Spellman has a nearly unsurpassed reputation based on long, tight relationships with her artists as well as her prescient eye. She showed Prince, Jeff Koons, Charles Ray, Laurie Simmons, Thomas Ruff, and Andreas Gursky in the eighties. Although she says she is wary of characterizing 303 as a “chick gallery” (“The ratio has fluctuated throughout the years,” she says, noting that right now it’s twelve men to thirteen women), she has been peerless in her support of strong, boundary-pushing female artists, like Sue Williams, the Wilson sisters, and Collier Schorr. On October 29, Spellman will open the Brooklyn photographer’s tenth solo show at the gallery in twenty years, which is only fitting, since Schorr has been with 303 for as long as almost anyone, graduating from intern to gallery director to full-time artist. (One of her first duties there was guarding a Jeff Koons Equilibrium basketball tank for the afternoon while the loft was rented out for a bar mitzvah.)

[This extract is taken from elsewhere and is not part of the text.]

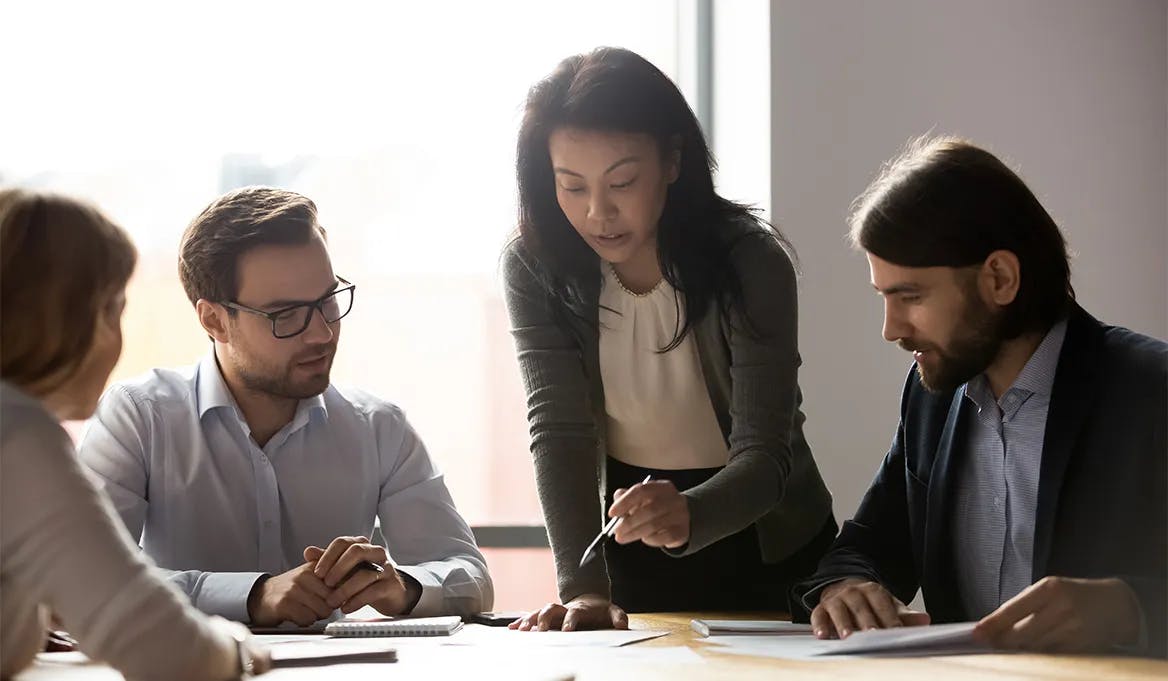 Key Factors to Consider Before Buying Off-Plan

“I’ve always seen Lisa more as a co-conspirator and a friend of the artist,” says P.S. 1 director Klaus Biesenbach. He remembers the first 303 show that got his attention—Rirkrit Tiravanija’s Untitled 1992 (Free) installation, in which the artist took everything in the gallery’s kitchen, office, and storage room and set it all up smack in the middle of the space. Throughout the exhibition he cooked batches of Thai curry and doled out portions to gallerygoers for free. “It was an eye-opener and a pioneering piece,” says Biesenbach. “I was confused and disturbed, but I liked it. He made the gallery this object of contemplation, of participation, of wonder.” Adds Creative Time president and artistic director Anne Pasternak, “Going to Lisa’s gallery was always a revelation. You were always seeing things you’d never seen before. I really think she’s part of a legacy of women dealers that certainly don’t get the attention that they have deserved compared to their male counterparts. Lisa’s following in the footsteps of women like Ileana Sonnabend, Paula Cooper, and Marian Goodman. She’s their legacy.”

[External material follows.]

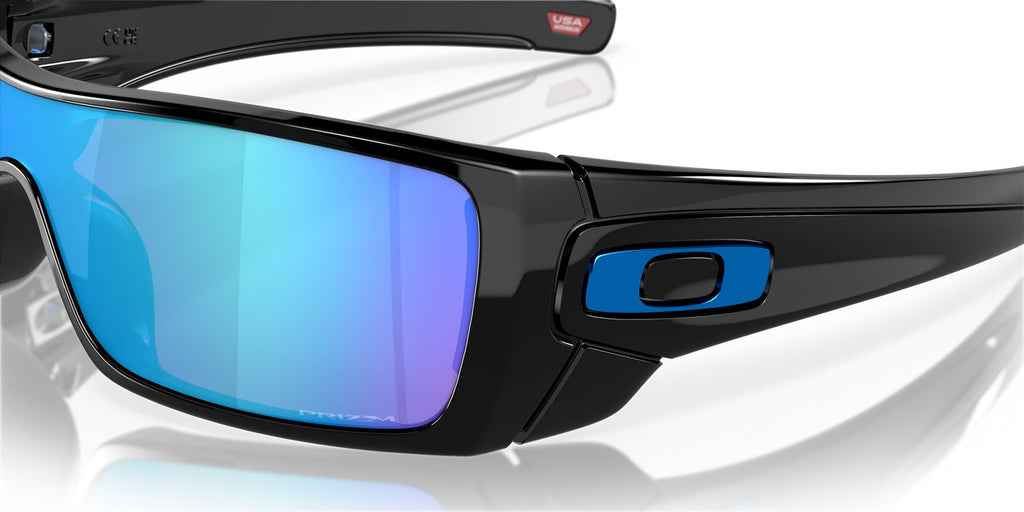 Oakley | 0OO9101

By the time Tiravanija was firing up his hot plate, Spellman had moved 303 to Greene Street in Soho, after a stretch in the East Village. Four years later, in 1996, she was one of the first dealers to migrate to Chelsea. In 2008, she moved into her current address on West 21st Street, which Spellman believes will be 303’s final home. “There are air rights involved,” she says with a laugh, indicating her level of financial commitment. She sometimes toys with the idea of opening another space in L.A. “I like to keep it a fantasy. I love our collectors in L.A., and the museums there are in flux, with exciting prospects.” And, of course, there are the waves: Spellman is an avid surfer. “But the truth is, I don’t know how much I could accomplish in another city, so I would have to really think about it.”
And maybe breaking new ground isn’t so appealing anymore. Spellman remembers the initial shock of moving to Chelsea. “In Soho, I was used to 600 people coming by on weekends. Chelsea was, like, mined and excavated from Taxi Kingdom. It was really cold and windy. These local newspapers were saying that it would never work—that the neighborhood had bats.” There’s a lot more than taxi garages now. And the bats turned out to be a myth. On the other hand, she says, there still isn’t anywhere to get a good cup of coffee.